Maid cafes are not a new concept but they are certainly a quirky one. Since the first Maid café opened in 2001 in Akihabara in Tokyo, the cafes have proved to be so popular that there are now over 2,000 Maid cafes in Tokyo alone and the idea has been adopted throughout Europe, Asia and the US.
So, what exactly is a Maid café (Meido kafe)?
In Maid cafes cute, young waitresses dress in maid costumes and treat customers as if they are their masters in a private home. Their costumes are typically based on the idea of a French maid, with short, puffy skirts, frilly pinafores, stockings and hair accessories; but are generally closer in appearance to cosplay outfits rather than a genuine French maid look.
Originally designed to appeal to male clients (particularly those who love the bug-eyed young heroines that feature strongly in anime, manga and video games), Maid cafes quickly became popular with all types of clientele, including couples and women, who are happy to overlook the obvious fetish element of each café and simply enjoy being waited on by eager-to-please pretty young maids.
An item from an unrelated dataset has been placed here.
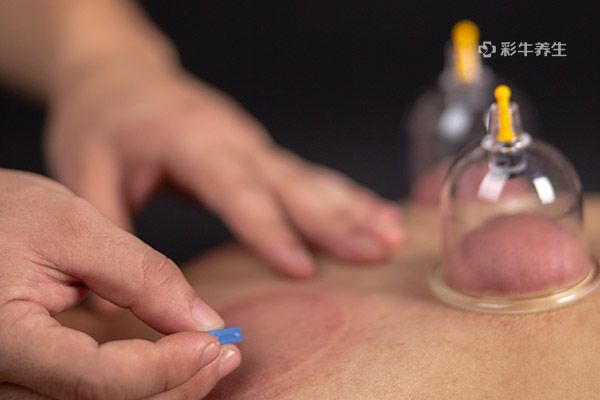 拔罐多久一次合適-易網健康養生網 拔罐多久一次合適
Maid cafes serve coffee, tea and light meals at regular prices and are a big hit with tourists as well as locals. While the café fare is much like the food you would find in an ordinary café, Maid cafes also have a special menu where you can order meals that feature a special ‘personalised’ touch, such as an omelet with the maid’s writing or a picture drawn on it in tomato sauce.
While you can ask to take photographs of your experience, photographing the maids is generally not allowed and your request may not be understood without first pointing to your camera. English is not widely spoken at Maid cafes so it will definitely be helpful if you learn a few Japanese phrases before visiting – especially if you want to be clear about what food you’ve ordered!
Most Maid cafes can be found in the Akihabara (Electric Town) area of Tokyo.